(Data records begins)

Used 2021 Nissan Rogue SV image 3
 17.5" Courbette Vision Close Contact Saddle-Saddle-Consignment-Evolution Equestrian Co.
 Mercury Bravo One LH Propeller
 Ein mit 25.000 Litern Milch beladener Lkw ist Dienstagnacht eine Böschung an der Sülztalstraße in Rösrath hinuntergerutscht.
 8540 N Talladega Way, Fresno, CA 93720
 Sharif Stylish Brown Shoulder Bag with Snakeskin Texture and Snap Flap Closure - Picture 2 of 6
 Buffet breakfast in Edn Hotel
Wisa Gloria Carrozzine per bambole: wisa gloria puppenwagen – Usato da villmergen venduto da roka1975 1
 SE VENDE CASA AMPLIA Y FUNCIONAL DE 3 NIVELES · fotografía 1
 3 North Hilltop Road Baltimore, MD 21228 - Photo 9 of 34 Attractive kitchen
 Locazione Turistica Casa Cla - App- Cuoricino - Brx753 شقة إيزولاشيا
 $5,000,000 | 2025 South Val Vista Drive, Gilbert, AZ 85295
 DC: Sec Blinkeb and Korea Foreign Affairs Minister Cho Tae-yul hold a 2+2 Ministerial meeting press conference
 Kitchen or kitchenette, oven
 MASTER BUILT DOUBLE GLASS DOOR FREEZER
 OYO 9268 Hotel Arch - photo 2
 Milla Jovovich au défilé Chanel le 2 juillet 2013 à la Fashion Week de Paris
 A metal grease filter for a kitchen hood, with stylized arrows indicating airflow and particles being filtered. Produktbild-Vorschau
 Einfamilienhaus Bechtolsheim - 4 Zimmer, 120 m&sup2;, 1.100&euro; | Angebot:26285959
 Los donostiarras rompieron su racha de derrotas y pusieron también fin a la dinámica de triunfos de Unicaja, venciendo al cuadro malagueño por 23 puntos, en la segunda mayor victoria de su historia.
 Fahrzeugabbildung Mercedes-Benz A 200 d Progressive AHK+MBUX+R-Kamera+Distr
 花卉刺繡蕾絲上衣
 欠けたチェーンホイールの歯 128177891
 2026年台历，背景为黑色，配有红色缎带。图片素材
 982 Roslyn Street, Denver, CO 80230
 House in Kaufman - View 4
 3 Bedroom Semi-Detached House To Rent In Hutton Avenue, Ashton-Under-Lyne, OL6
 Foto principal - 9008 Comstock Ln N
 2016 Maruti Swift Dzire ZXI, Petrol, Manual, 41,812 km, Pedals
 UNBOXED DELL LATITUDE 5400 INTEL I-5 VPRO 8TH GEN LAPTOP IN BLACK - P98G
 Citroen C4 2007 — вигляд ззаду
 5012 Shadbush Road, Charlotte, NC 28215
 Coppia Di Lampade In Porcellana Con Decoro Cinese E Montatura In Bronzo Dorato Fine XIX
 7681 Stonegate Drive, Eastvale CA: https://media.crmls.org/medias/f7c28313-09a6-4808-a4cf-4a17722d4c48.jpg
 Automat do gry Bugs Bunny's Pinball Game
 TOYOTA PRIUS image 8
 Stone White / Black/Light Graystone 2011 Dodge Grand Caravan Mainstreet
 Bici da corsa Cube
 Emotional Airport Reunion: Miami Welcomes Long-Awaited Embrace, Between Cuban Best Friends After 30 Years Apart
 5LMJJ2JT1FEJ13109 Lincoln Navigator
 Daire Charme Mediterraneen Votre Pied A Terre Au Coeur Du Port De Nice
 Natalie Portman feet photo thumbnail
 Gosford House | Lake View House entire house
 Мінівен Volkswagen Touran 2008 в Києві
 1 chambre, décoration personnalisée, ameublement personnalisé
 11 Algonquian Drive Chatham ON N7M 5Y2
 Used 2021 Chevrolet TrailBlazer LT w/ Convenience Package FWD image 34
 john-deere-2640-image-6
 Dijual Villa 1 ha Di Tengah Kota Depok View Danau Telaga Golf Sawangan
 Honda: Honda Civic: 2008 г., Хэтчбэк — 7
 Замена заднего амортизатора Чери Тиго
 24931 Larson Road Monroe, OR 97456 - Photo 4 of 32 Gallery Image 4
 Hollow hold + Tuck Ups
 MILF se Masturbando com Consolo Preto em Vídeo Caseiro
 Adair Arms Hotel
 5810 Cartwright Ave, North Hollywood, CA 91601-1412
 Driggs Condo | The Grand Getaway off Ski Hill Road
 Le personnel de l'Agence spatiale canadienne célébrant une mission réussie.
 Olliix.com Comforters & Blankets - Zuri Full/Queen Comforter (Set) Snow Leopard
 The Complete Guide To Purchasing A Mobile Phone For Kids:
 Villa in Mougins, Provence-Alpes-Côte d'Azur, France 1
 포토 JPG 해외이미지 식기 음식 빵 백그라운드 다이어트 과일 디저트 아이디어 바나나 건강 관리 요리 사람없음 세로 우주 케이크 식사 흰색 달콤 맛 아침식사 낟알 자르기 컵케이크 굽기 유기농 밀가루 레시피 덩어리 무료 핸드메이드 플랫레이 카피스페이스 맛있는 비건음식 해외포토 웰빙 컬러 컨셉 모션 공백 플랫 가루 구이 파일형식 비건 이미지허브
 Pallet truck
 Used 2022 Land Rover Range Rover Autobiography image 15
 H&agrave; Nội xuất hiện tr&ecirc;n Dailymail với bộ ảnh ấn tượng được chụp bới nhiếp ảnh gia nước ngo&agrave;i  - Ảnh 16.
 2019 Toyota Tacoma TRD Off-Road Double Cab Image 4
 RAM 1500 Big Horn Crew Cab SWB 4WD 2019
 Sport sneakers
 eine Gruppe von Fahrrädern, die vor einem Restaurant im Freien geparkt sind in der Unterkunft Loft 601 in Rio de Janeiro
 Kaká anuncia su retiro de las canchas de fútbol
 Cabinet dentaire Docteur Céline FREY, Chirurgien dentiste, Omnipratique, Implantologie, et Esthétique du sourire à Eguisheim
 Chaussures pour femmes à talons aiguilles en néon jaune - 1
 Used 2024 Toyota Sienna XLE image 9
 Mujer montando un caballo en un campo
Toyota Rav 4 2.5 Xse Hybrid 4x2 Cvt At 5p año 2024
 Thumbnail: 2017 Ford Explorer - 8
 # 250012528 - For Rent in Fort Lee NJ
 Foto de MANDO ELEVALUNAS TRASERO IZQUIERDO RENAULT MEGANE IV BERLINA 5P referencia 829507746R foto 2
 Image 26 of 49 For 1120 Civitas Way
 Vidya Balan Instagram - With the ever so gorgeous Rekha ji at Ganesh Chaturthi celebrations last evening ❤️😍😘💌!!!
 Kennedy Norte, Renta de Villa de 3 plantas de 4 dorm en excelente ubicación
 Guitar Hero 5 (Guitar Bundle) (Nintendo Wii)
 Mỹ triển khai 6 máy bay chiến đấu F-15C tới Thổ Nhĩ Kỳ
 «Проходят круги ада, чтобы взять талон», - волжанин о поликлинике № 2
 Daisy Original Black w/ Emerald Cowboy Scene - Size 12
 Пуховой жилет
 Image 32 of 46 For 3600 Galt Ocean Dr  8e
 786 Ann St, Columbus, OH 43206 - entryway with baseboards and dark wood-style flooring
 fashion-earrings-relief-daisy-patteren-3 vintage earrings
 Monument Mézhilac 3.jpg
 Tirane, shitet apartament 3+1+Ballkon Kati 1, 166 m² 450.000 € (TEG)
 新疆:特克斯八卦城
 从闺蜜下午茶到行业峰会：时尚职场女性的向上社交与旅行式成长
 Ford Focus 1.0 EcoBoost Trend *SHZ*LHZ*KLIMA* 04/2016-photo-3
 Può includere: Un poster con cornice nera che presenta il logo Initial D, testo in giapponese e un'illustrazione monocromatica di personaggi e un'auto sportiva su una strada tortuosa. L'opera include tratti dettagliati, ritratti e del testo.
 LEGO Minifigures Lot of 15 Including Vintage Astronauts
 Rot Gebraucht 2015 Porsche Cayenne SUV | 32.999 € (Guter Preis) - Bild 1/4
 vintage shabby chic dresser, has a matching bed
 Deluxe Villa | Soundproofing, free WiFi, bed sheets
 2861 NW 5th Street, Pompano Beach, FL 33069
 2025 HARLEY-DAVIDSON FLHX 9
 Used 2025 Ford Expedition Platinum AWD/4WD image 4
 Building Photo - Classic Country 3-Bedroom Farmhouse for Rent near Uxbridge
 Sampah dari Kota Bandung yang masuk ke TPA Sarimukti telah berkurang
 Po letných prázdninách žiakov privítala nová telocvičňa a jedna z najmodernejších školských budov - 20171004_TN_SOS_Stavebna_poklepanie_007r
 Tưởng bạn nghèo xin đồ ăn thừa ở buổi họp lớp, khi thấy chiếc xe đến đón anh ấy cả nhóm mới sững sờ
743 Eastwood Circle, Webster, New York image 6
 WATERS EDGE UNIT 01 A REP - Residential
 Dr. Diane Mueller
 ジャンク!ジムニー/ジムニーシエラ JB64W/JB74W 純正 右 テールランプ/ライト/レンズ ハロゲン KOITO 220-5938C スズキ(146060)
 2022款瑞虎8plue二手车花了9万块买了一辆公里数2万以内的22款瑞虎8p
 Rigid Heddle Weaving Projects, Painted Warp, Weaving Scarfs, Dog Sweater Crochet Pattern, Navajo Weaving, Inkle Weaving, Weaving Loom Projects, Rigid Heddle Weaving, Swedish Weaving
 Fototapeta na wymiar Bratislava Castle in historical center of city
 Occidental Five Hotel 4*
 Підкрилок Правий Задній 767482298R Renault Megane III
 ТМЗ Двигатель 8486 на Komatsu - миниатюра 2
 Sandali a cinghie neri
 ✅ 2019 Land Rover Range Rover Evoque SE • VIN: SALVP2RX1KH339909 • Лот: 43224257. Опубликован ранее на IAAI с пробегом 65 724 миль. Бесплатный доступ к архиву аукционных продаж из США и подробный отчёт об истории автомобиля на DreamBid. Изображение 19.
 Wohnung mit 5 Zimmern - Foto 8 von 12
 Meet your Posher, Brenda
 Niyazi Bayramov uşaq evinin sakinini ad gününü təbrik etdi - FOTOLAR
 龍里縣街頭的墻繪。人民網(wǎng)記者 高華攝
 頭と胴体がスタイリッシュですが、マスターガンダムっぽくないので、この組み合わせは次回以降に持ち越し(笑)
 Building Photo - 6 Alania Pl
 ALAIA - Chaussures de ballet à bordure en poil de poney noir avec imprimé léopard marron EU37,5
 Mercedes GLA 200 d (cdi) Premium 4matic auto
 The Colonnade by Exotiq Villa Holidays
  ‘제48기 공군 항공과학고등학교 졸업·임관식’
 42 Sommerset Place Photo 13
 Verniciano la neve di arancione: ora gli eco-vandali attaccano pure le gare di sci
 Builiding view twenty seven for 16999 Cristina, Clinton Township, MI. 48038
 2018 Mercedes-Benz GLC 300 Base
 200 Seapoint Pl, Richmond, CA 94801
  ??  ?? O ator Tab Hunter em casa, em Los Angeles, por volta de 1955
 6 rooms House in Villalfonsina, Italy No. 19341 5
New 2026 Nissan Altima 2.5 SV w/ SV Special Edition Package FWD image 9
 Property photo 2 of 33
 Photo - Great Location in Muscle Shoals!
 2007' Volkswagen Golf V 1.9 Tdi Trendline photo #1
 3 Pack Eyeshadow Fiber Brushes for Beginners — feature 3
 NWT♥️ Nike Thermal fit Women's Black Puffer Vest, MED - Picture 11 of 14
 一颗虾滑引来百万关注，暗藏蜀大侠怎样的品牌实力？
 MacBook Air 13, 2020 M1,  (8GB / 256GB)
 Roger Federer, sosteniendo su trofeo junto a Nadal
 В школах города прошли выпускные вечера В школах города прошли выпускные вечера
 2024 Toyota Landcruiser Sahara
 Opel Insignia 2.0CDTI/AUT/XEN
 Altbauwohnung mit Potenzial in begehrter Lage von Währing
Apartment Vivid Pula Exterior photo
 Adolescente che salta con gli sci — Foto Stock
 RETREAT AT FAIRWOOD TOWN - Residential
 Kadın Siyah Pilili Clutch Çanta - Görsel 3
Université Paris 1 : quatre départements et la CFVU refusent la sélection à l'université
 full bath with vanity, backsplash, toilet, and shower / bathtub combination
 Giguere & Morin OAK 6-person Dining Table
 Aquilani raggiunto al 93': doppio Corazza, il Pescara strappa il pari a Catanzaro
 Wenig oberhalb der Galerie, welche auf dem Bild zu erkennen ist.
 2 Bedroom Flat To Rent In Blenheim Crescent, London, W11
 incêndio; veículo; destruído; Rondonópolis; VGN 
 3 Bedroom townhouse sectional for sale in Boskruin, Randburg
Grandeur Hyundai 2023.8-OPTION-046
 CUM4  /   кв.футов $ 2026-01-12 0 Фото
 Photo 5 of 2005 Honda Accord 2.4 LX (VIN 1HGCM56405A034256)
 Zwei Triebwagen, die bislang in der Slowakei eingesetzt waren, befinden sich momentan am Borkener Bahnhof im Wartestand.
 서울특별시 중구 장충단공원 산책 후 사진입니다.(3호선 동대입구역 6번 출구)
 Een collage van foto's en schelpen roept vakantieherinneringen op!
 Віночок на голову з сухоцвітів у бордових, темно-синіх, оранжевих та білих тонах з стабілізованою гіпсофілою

(Data records ends)

Try it =>
Scan the entries above for the string "Package", and copy every line where it turns up.

Exercise answer =>
 Used 2021 Chevrolet TrailBlazer LT w/ Convenience Package FWD image 34
New 2026 Nissan Altima 2.5 SV w/ SV Special Edition Package FWD image 9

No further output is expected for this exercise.